Lines to restate from the data below: from the one containing "3430 Glenarden Rd, Arden" to the one containing "9 Rene Way, Huntington, Hamilton, Waikato, 3210, New", both included. Give them again exactly, and only them.

▶ DATA PROVIDED
=== Begin Enclosure ===

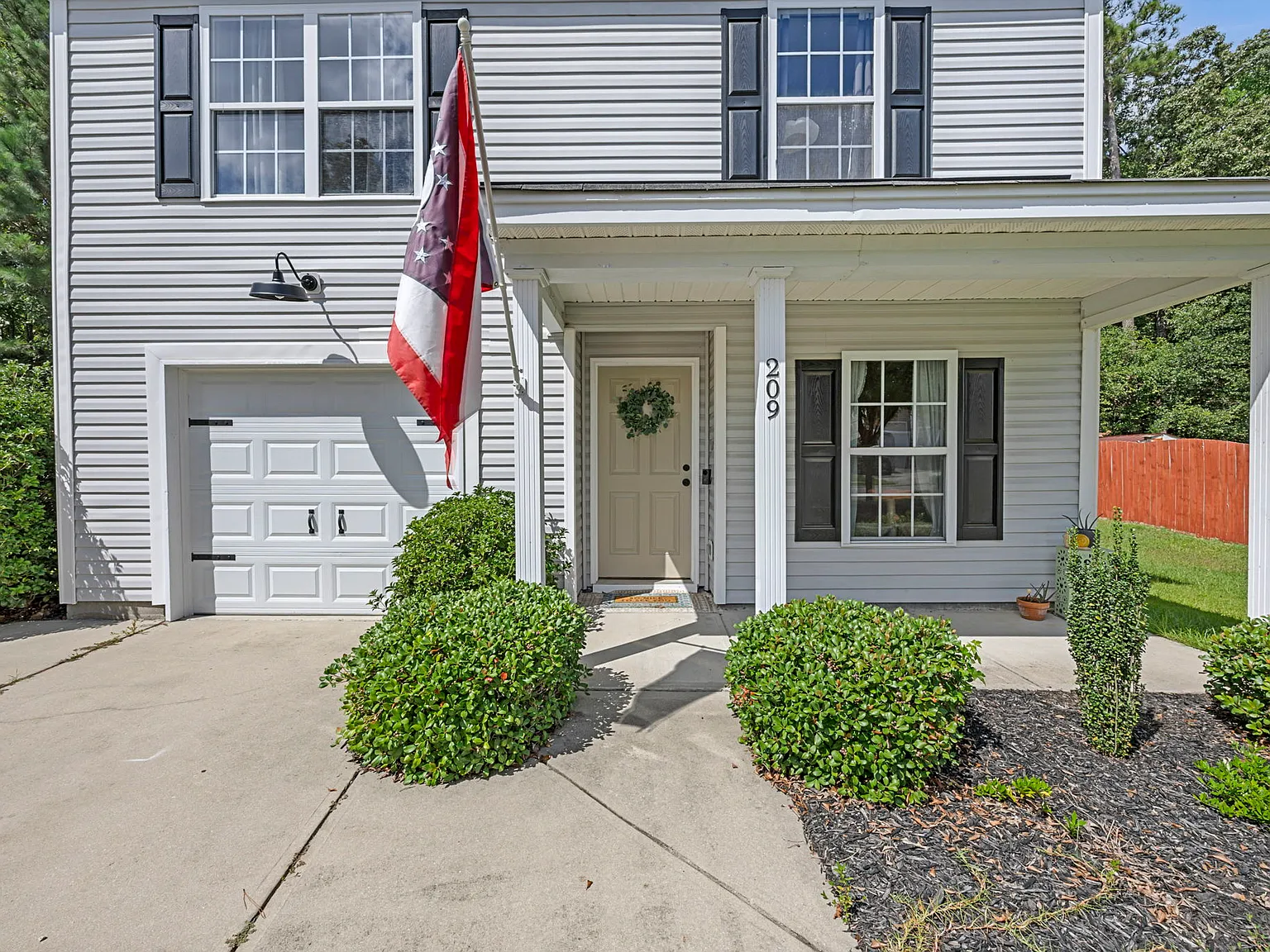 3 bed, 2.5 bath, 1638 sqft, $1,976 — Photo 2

=== End Enclosure ===
=== Begin Enclosure ===

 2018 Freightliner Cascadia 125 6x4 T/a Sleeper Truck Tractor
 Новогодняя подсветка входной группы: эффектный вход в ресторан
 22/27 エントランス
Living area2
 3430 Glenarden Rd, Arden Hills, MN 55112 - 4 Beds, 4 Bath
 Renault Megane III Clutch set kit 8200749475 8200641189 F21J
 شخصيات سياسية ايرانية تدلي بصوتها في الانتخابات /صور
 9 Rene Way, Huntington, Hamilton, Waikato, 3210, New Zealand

=== End Enclosure ===
=== Begin Enclosure ===

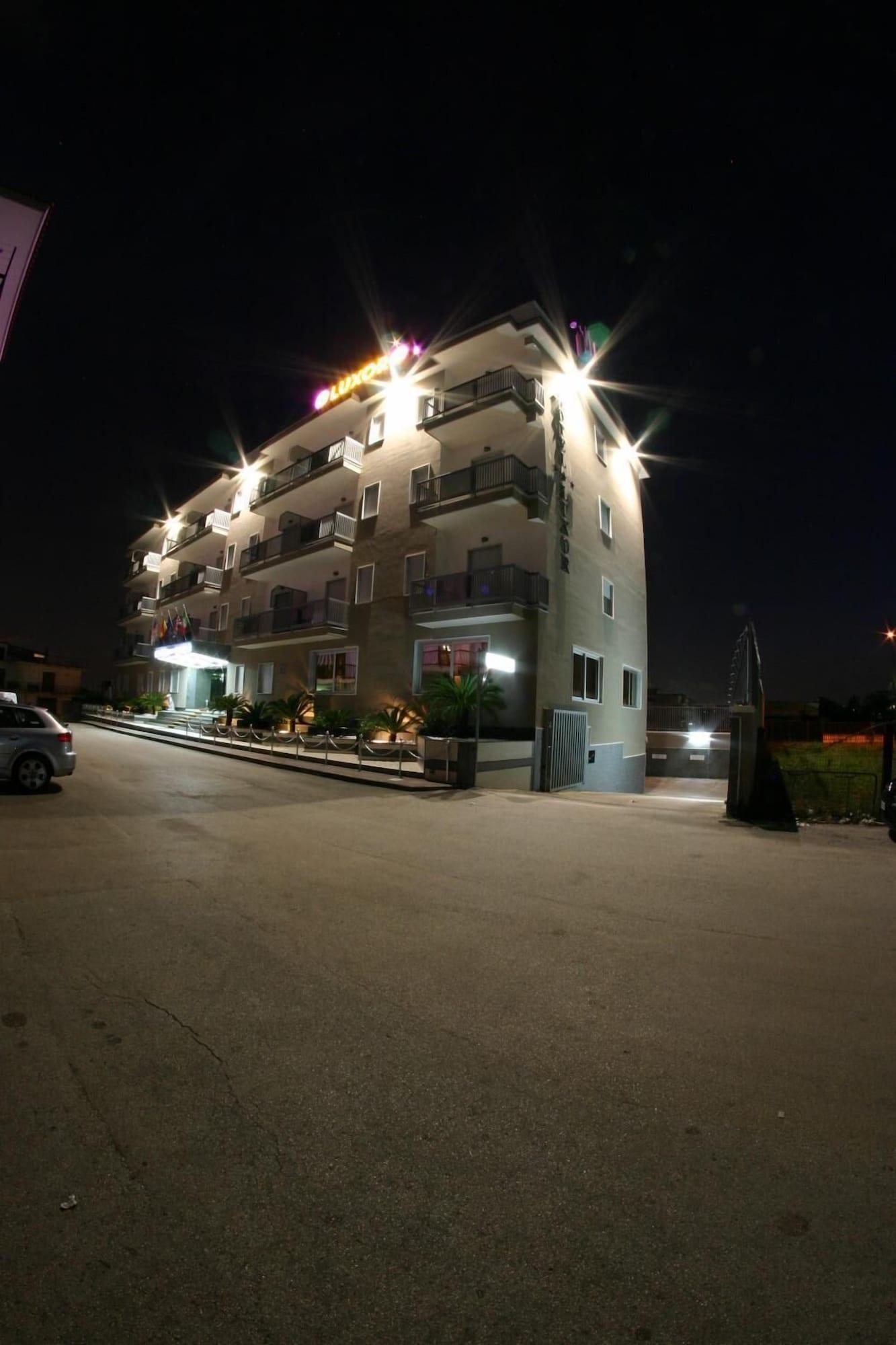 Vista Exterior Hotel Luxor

=== End Enclosure ===

▶ YOUR RESPONSE
 3430 Glenarden Rd, Arden Hills, MN 55112 - 4 Beds, 4 Bath
 Renault Megane III Clutch set kit 8200749475 8200641189 F21J
 شخصيات سياسية ايرانية تدلي بصوتها في الانتخابات /صور
 9 Rene Way, Huntington, Hamilton, Waikato, 3210, New Zealand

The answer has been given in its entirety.